**THE PROBLEM:** Copy out exactly the stretch of the listing below that begins at the line containing "UNM Kuatkan Kompetensi" and ends at the line containing "EIAKE Natural Curly", and copy nothing outside it.

**GIVEN RECORDS:**
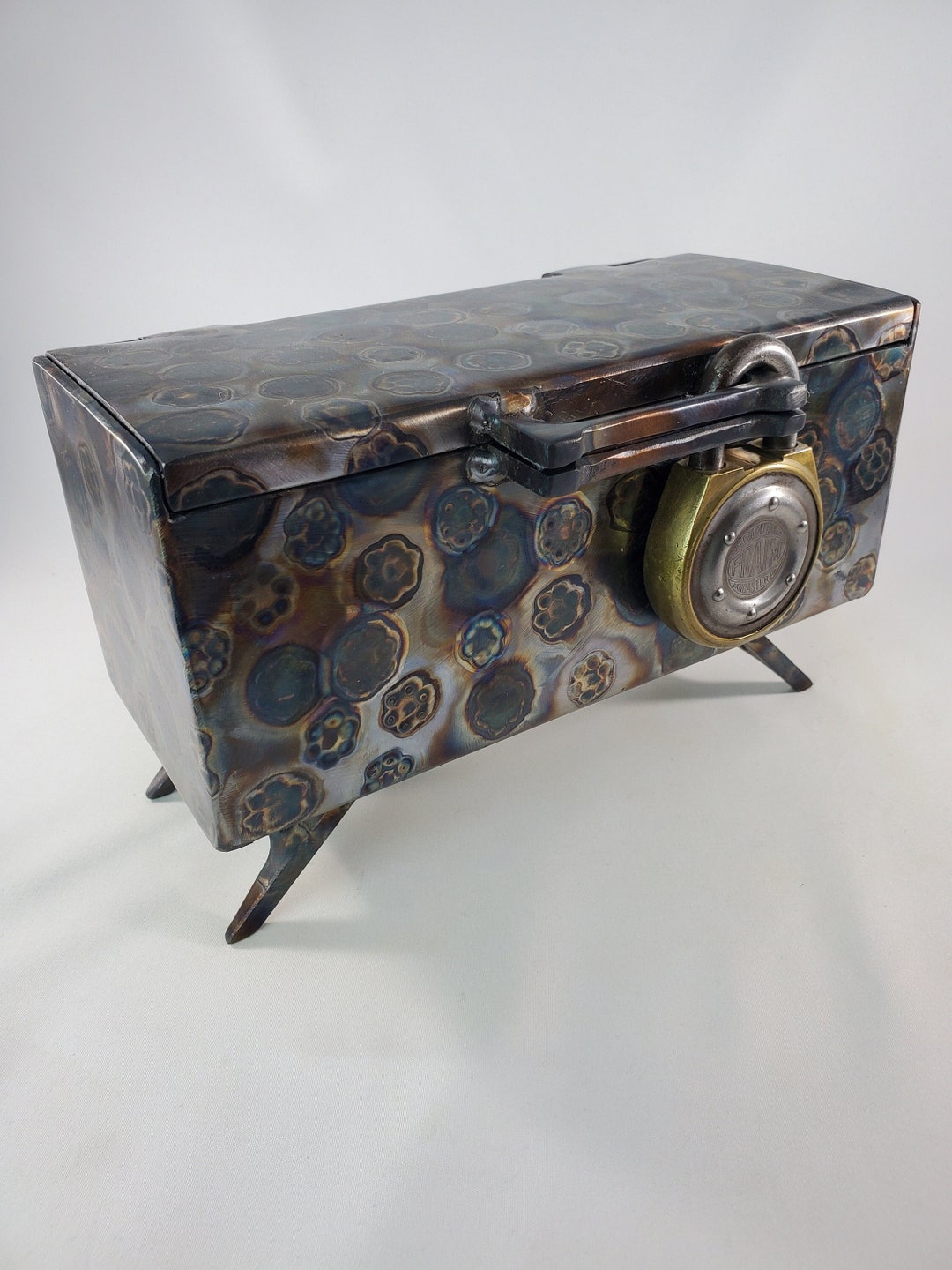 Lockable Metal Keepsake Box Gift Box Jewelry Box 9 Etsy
==
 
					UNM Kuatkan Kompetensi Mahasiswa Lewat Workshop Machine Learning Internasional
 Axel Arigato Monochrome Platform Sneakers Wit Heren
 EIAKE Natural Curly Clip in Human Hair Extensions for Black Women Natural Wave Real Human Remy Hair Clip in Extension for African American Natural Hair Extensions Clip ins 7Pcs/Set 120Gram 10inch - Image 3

**WRITTEN RESPONSE:**
					UNM Kuatkan Kompetensi Mahasiswa Lewat Workshop Machine Learning Internasional
 Axel Arigato Monochrome Platform Sneakers Wit Heren
 EIAKE Natural Curly Clip in Human Hair Extensions for Black Women Natural Wave Real Human Remy Hair Clip in Extension for African American Natural Hair Extensions Clip ins 7Pcs/Set 120Gram 10inch - Image 3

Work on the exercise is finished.